Some examples to check out:
- hsb_DE (glibc blank, icu localized)
- ig_NG (glibc am/pm, icu localized)
- hif_FJ (glibc localized, icu am/pm)
- ks_IN (both localized, but very different)
I'd be tempted to take use glibc unless it's blank or am/pm then try icu as the fallback.
But I don't think our strftime-format string is going to be flexible enough to provide optimal localized formatting. And I don't think we have the experience to come up with enough extensions to get this right either. If one project can design a good format and API it would be ICU.

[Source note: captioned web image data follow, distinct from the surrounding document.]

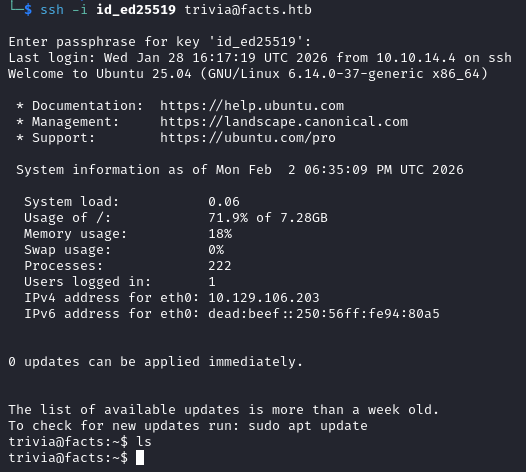 trivia SSH login
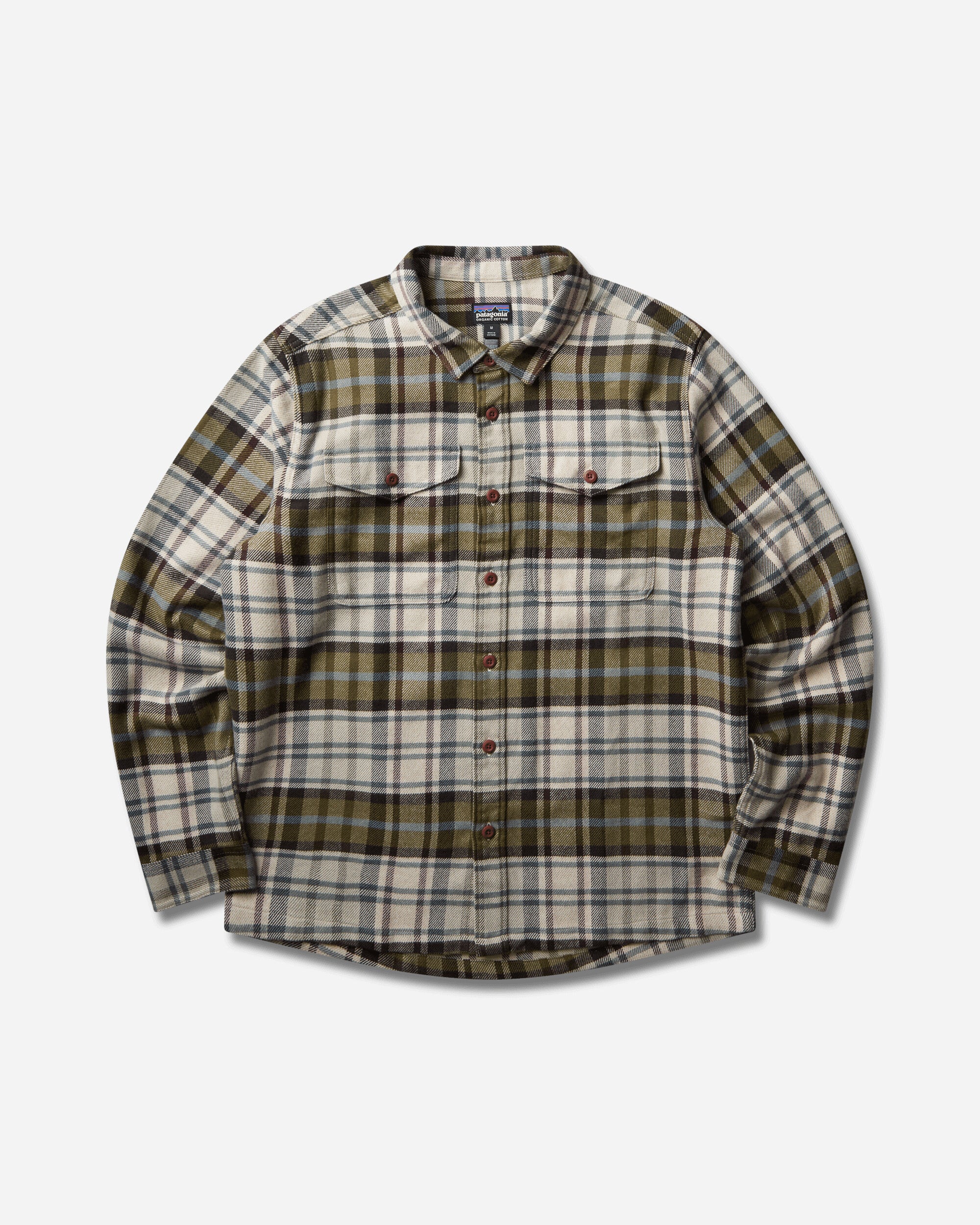 Patagonia Men Fjord Flannel Shirt Rinsed Green/Thermal Blue Shirts Longsleeve Shirt 42402 RSTW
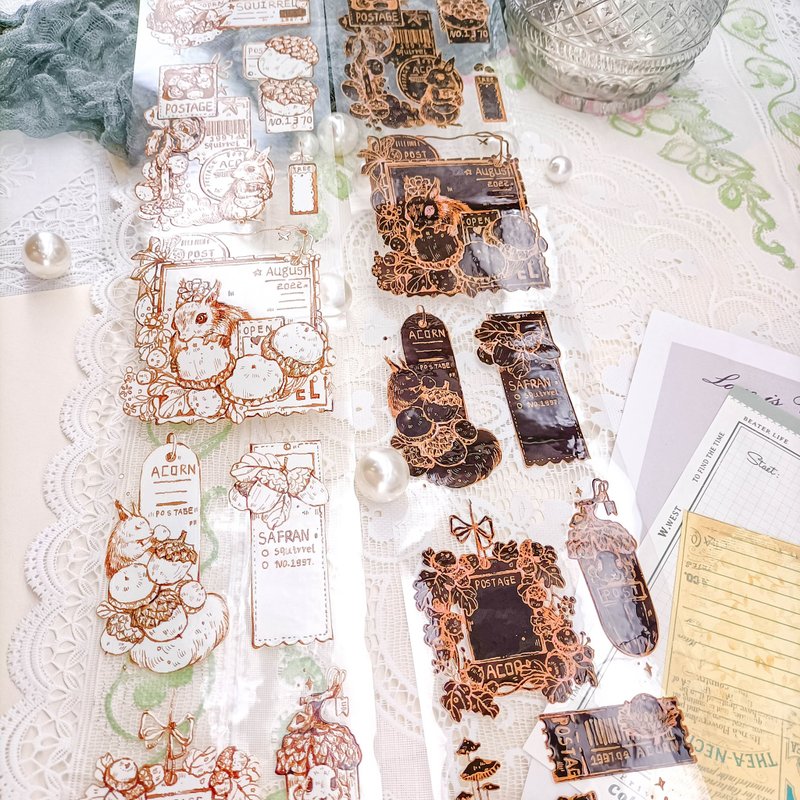 MS0004_松鼠票券 / 裝飾膠帶 - 纸胶带 - 塑料 多色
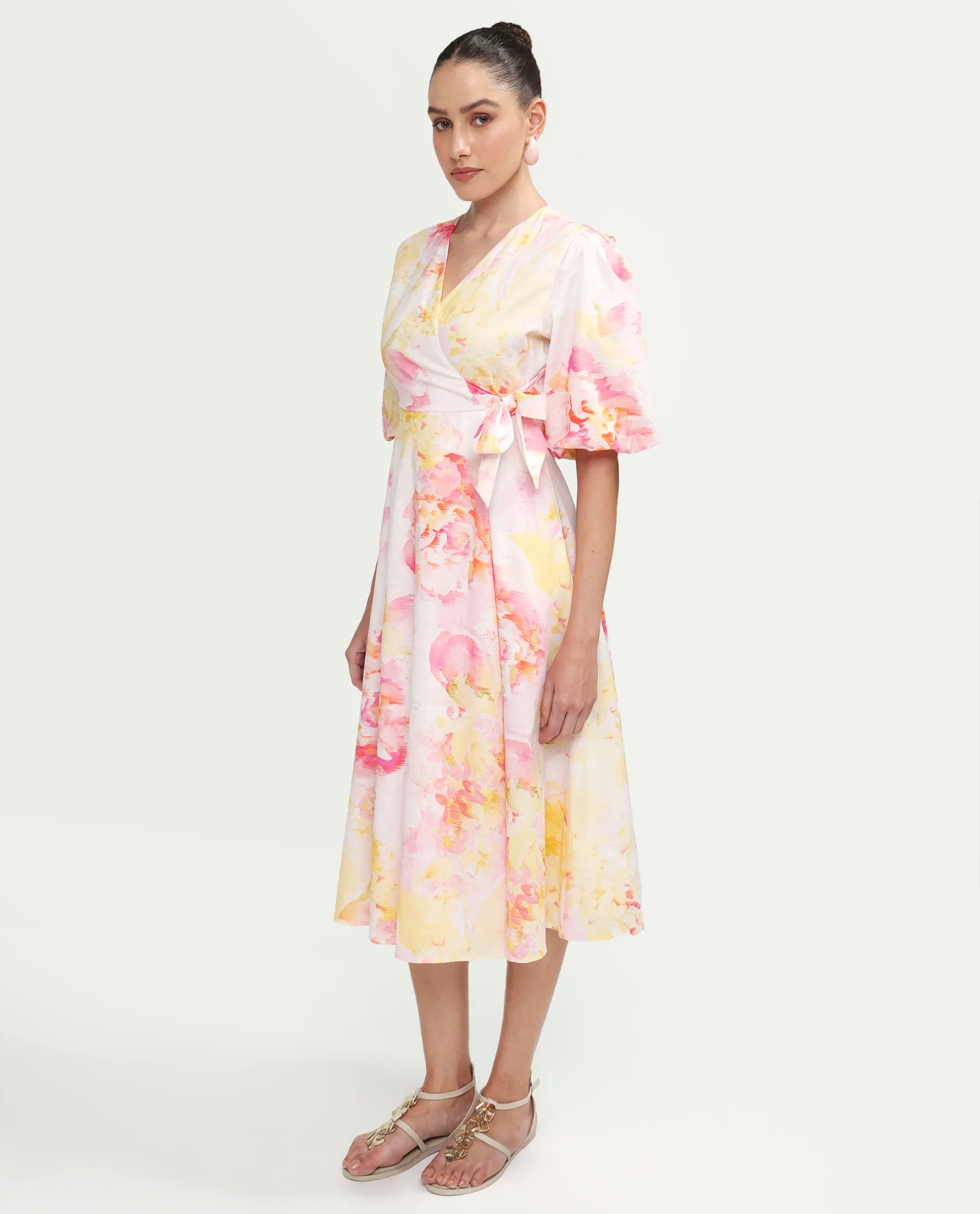 Rareism Women's Mizi Multi Cotton Half Sleeve Over Lap Flared Floral Print Dress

ICU has a set of patterns for date & time components. See https://cldr.unicode.org/translation/date-time/date-time-patterns
It covers a lot more cases than the strftime formatting specifiers. You can use the ICU data with the strftime specifiers as well. You just have to make some decisions about the mapping. I did this with my Perl module DateTime. I could enumerate the choices I made there if there's interest in this.
Upon further testing by dumping out some mods from the ICU data I see results like:
#[allow(non_snake_case,non_camel_case_types,dead_code,unused_imports)] pub mod aa_DJ { pub const SHORT_MONTHS: &[&str] = &["M01", "M02", "M03", "M04", "M05", "M06", "M07", "M08", "M09", "M10", "M11", "M12"]; pub const LONG_MONTHS: &[&str] = &["M01", "M02", "M03", "M04", "M05", "M06", "M07", "M08", "M09", "M10", "M11", "M12"]; pub const SHORT_WEEKDAYS: &[&str] = &["Sun", "Mon", "Tue", "Wed", "Thu", "Fri", "Sat"]; pub const LONG_WEEKDAYS: &[&str] = &["Sun", "Mon", "Tue", "Wed", "Thu", "Fri", "Sat"]; pub const AM_PM: &[&str] = &["AM", "PM"]; pub const DECIMAL_POINT: &str = "."; pub const DIGITS: &[char] = &['0', '1', '2', '3', '4', '5', '6', '7', '8', '9']; }Since there the data for months doesn't look good. I don't think that it would be a good to use icu for months (and probably not weekdays either)
This sort of thing happens when the ICU project's data for a locale is incomplete. You can see the underlying data for that locale at https://github.com/unicode-org/cldr/blob/main/common/main/aa_DJ.xml. It's nearly empty. Compare it to a more complete locale at https://github.com/unicode-org/cldr/blob/main/common/main/am.xml.
There's a whole system for locale "inheritance". In the case of aa-DJ it should fall back to aa, which does have data (at least in the CLDR GitHub repo). But the output above looks like it's falling back to the root locale. I'm not sure how you dumped that data. Or maybe it's using an older version of the data where the aa locale was empty.
One more thing re: CLDR formatting. If you want to support this I think it's best to come up with new functions that accept these formats, like format_cldr or something along those lines.
So a 3M binary size penalty seems like a big downside...
I don't think our strftime-format string is going to be flexible enough to provide optimal localized formatting. And I don't think we have the experience to come up with enough extensions to get this right either. If one project can design a good format and API it would be ICU.
Do we want to combine some localization data from ICU, while lacking their formatting API, with the formatting string format from libc?
Given that we use a strftime formatting string like libc, it makes sense to me that we also use the localization data from libc. Our localization would be 'as good as', and match, libc. That is already a useful thing for the Rust ecosystem. And when you want more advanced formatting, ICU4X would be the way to go
In my opinion chrono should focus mostly on being a good date-and-time library. ICU can be better at localization. I propose to close this PR and instead make it easy to convert to/from icu::calendar::{Date, DateTime}. Maybe behind an icu feature?